Comment répondre aux questions suivantes:

• Pourquoi ça rame ?
• Est ce que c'est logiciel ou matériel (et qu'est ce qui est actionnable) ?
• Si c'est logiciel, qui prend des ressources ?

On part du général vers le particulier, c'est à dire l'état général de la machine, puis d'une ou quelques métrique pour enfin aller au détail processus par processus. Ce faisant on évite de se focaliser sur un problème local et de louper un problème plus important au niveau global.

Avant de qualifier un bon ou un mauvais fonctionnement, il faut l'étalonner. Deux exemples pour illustrer:

• Je fait un test de débit sans tester mon système dans les conditions optimales (deux ordinateurs avec iperf et un câble ethernet entre les deux). Si mon câble et/ou une des interfaces réseau est défectueuse, je vais voir un problème de débit partout et mon test ne me donne pas d'information utile. Si j'étalonne et que je me rend compte que le débit maximal dans les conditions optimales est de 250 mbps avec des interfaces gigabits, je sais quelles sont les limites de mon test: je peux tester de l'ADSL, des pont radios, éventuellement de la fibre optique mais pas avec un débit de plus de 250 mbps.
• Je regarde des logs pour déterminer l'origine d'un problème. Si je n'ai pas connaissance des logs en conditions normales (quel est le bruit de fond) je vais me focaliser sur tout les messages que je trouve suspect.
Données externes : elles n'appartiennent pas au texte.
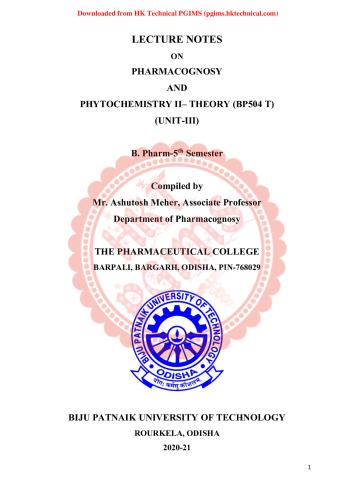 BP504T PGPC UNIT III  1  5th Semester B.Pharmacy Lecture Notes,BP504T Pharmacognosy and Phytochemistry II,
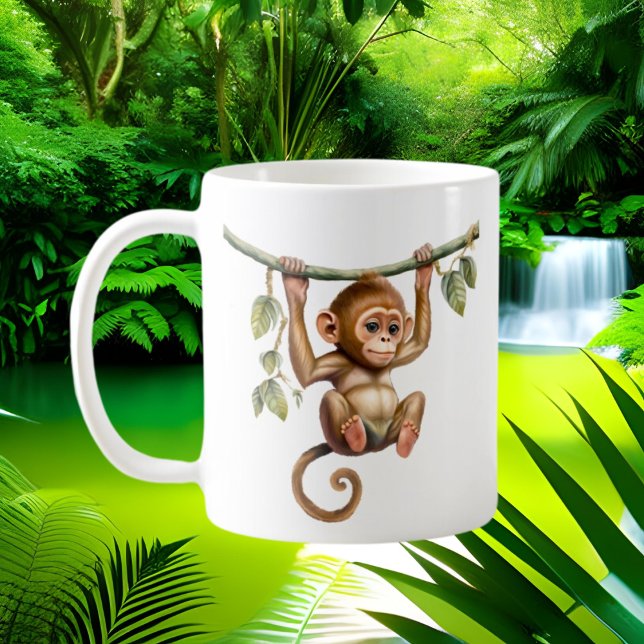 Caneca De Café Amantes de macacos bonitos adicionam monograma (Criador carregado)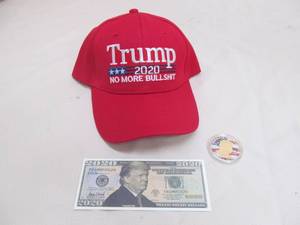 lot 1 image: Trump Cap,Commerative coin ,dollar bill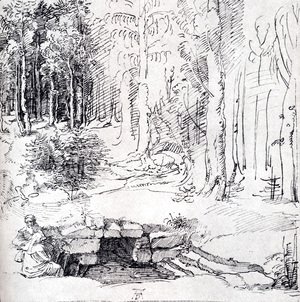 Forest Glade With A Walled Fountain By Which Two Men Are Sitting (or St. Anthony And St. Paul, Identified By The Flying Raven)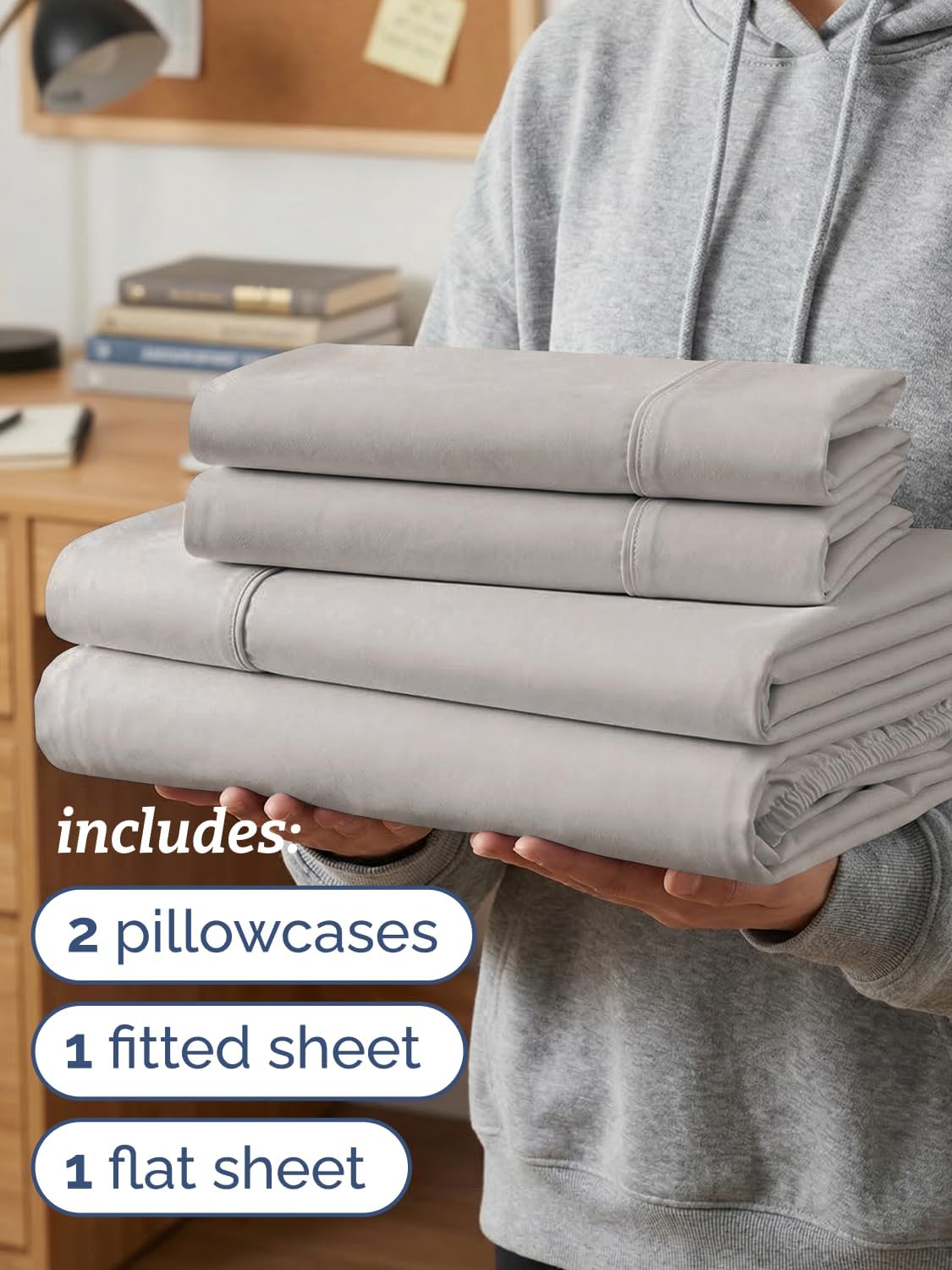 Twin XL 4 Piece Sheet Set - Comfy, Breathable & Cooling - Soft Hotel Luxury Bedding for Women, Men, Kids, Teens and Children - 1 Flat & 1…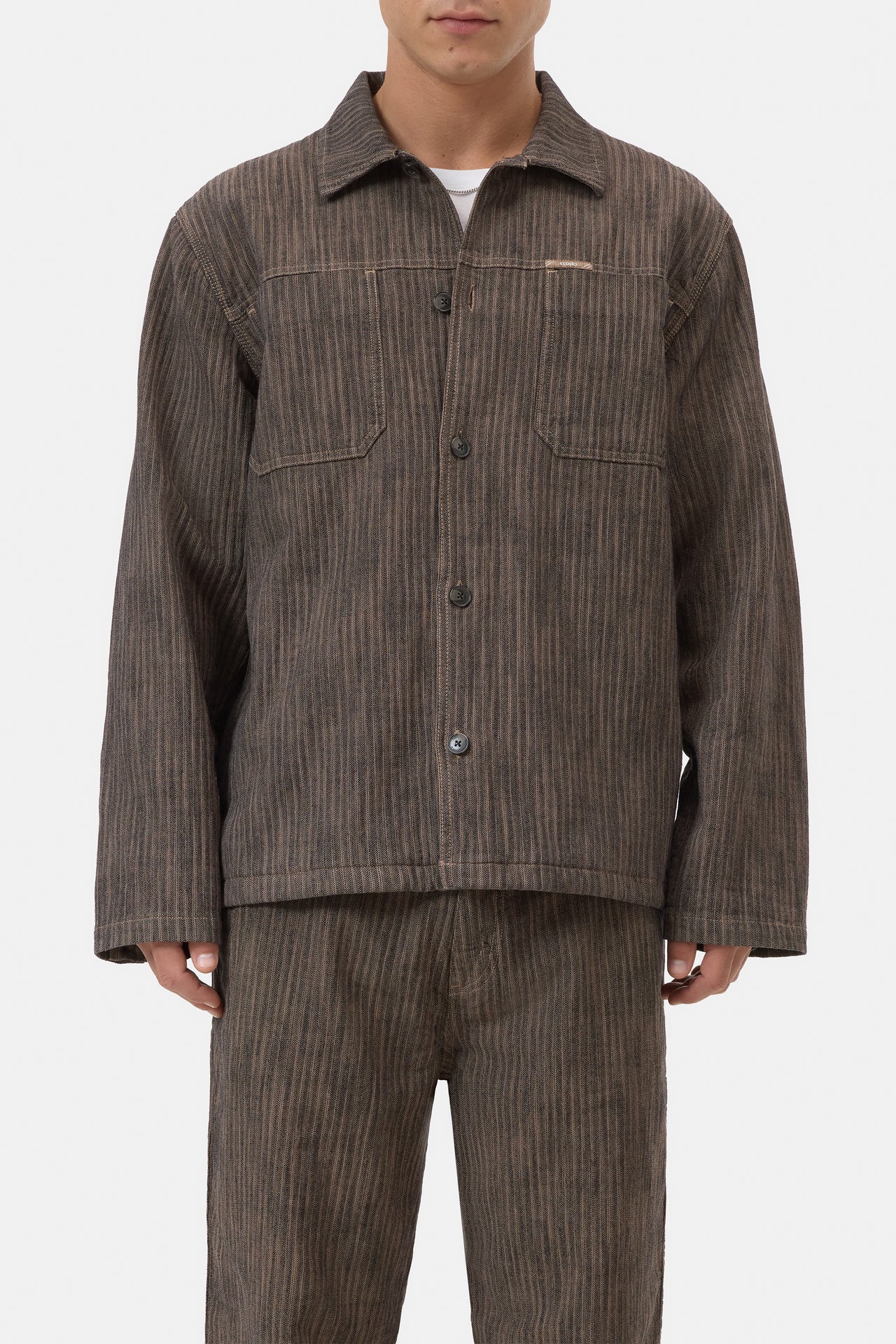 CLOSED MENS COTTON WORKER SHIRT - ROCK BEIGE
Or rien ne me garanti que:
  • les logs soient bien écrits; il arrivent que des messages soient alarmants sans que ce soit vraiment le cas: par exemple dans les logs d'un serveur web:
    • open() "/var/lib/dehydrated/acme-challenges/license.php" failed (2: No such file or directory), c'est “juste” un client web qui scan. Ça ne veut pas dire que c'est sans importance mais ce type de message a toute chance de faire partie du bruit de fond. On cherche d'abord ce qui sort du bruit de fond.
    • a contrario, dans le même contexte, une erreur 500 met en cause l'application et/ou la configuration du serveur (si là ça fait partie du bruit de fond, il y a un autre type de problème… :( )
    • Une étape cruciale peut échouer sans être loggée
  • Bref, pouvoir constater les logs en fonctionnement normal et pouvoir trier les logs par priorité (SYSLOG.PRIORITY par exemple) permet de hiérarchiser la recherche dans les logs et éventuellement d'ajuster la verbosité de certaines applications (en plus ou en moins d'ailleurs) pour faciliter la recherche de la cause d'un problème.